Waka
carry me.
Take my bow
guide this prow
to the Island that waits
between two rivers.
Oceans of horizons
Frigate birds signal land …
I’m in the middle of something, in the middle of everything. Manhattan is the kind of island that boasts it all. What it doesn’t have, I have brought with me.
That the Asian/Pacific/American Institute has invited me to stay longer is a relief for which I am eternally grateful. There is much work to be done, and I have only just scratched the surface.
I arrived last Fall with seed from the Orongorongo Ranges, the coast of Te Whanganui-a-Tara, the sludge of Waipori, the peaks of Te Waipounamu, the heat of Manono’s black rocks. I brought images, written and musical notes.
So far this residency has been an incubator, a pressure cooker, a poultice a poultice drawing me and my work out into the open.
There’s been diversity and new depths. I’m co-composing a score improvising with the finest musicians, have edited a chapter about the Pacific in an elementary school textbook, keynoted for Asian Heritage Month at NYU and at the University of Washington for Polynesian Day; I’ve performed live-to-air from an East Village club, at the Native American and Indigenous Studies conference in Athens, Georgia; at the first Matariki in New York City, at Fulbright’s 60th birthday in D.C. I am inspired to continue the legacy of Dr. Barbara Ann Teer.
This Spring the music, script and visuals were woven together in front of an audience for the first time when we launched the score of Breaking the Surface. No one was keener to find out what would happen.
The Pacific is so easily out of sight and out of mind in New York City. There’s no excuse for this. There are plenty of connections to draw on. Whether or not this is important depends on how global you are. How present you really are right now on Earth. How indigenous are you to the 21st century?
New York City is long overdue an update on its 19th and 20th century perspectives on the Pacific. They’re just so damned sexy.
Why change anything?
My work is not only about realizing what I have brought with me. It is about what I am finding here, who I am finding here, how we are relating, how we are relating, and being absolutely here now with this discovery.
I’m looking forward to you Breaking the Surface with me next Spring, and you’re also invited to the book launch for through windows this Fall. My blog faitala will keep you posted.
Artist Bio
Susana Lei’ataua is an actor and a writer. She is the recipient of the New Zealand Fulbright Senior Scholar Award for 2008. Born in Wellington, New Zealand Susana is from generations of orators and story-tellers. She is part of the Lei‘ataua and Taupa‘u families of Manono, Samoa and her mother’s family has been in the Pacific for 200 years. She initially studied at the Lee Strasberg Theatre Institute, was Rossignol in Marat Sade at the Tribeca Lab, Lysistrata in Lysistrata in Washington Square Park; and under the banner Musumusu performed musical collaborations in downtown theaters and lofts including Lost in the Apple with members of the Groove Collective. Her solo dramatic poem through windows was produced by the A/P/A Institute in 2003 and as part of the New York Pacifika Film Festival in 2004. A recording of it is archived at Te Puna Matauranga o Aotearoa – the National Library of New Zealand. Lei‘ataua was in the Aotearoa/New Zealand delegation at the 9th Pacific Arts Festival in Palau in 2004. She has been a journalist, radio newsreader, talk show host, television presenter, producer, editor; a communications consultant for New Zealand government agencies and the Royal New Zealand Ballet, and project manager of the Ngai Tahu Leadership Programme.

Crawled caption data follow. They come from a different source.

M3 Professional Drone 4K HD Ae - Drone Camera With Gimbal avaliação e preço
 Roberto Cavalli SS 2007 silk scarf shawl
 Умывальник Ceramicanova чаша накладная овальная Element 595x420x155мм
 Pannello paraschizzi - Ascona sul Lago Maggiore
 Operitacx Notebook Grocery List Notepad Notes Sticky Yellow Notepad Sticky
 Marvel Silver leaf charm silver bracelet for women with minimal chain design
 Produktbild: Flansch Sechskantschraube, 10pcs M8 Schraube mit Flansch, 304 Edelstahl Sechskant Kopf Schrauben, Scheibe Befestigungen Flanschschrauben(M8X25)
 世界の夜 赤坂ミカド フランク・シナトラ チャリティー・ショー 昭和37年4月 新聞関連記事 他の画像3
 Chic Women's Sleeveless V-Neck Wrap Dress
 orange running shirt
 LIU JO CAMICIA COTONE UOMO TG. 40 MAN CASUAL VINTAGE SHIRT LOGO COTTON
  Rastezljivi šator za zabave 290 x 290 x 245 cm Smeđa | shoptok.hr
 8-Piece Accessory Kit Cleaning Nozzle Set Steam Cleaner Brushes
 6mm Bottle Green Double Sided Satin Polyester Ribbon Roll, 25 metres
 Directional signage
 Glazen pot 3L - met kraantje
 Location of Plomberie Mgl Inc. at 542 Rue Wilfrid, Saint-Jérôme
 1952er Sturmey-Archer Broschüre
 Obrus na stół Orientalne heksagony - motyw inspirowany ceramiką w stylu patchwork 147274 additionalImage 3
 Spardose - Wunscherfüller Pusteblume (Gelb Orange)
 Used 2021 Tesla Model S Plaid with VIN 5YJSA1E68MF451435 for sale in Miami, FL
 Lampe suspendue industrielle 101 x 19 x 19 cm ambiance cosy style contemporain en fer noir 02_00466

Appropriately in his Four Quartets, Eliot prescribed that: “…last year’s words belong to last year’s language And next year’s words await another voice” That voice is now amongst us, delivered through its powerfully compelling persona, Susana Lei’ataua. Ms. Lei ‘ataua recently escorted an enchanted audience in Washington, D.C. on a magical malaga (voyage), to witness an intimate vocal reunion with her Samoan grandmother (Tina ole ‘aiga), whose recorded singing of pese o anamua Susana joined, imbuing all in their melodious, mystical communion. Ms. Lei ‘ataua’s ‘aiga (forebears), must, however, take pride in her vivid vocal imagery of ancient Pacific Island sagas seeking wary alignment with the modernity of present-day New York. Perhaps they know that their descendant’s voice of forceful elegance will articulate an environment, where, again to employ Eliot’s Quartets, “…both a new world And the old [are] made explicit, understood.”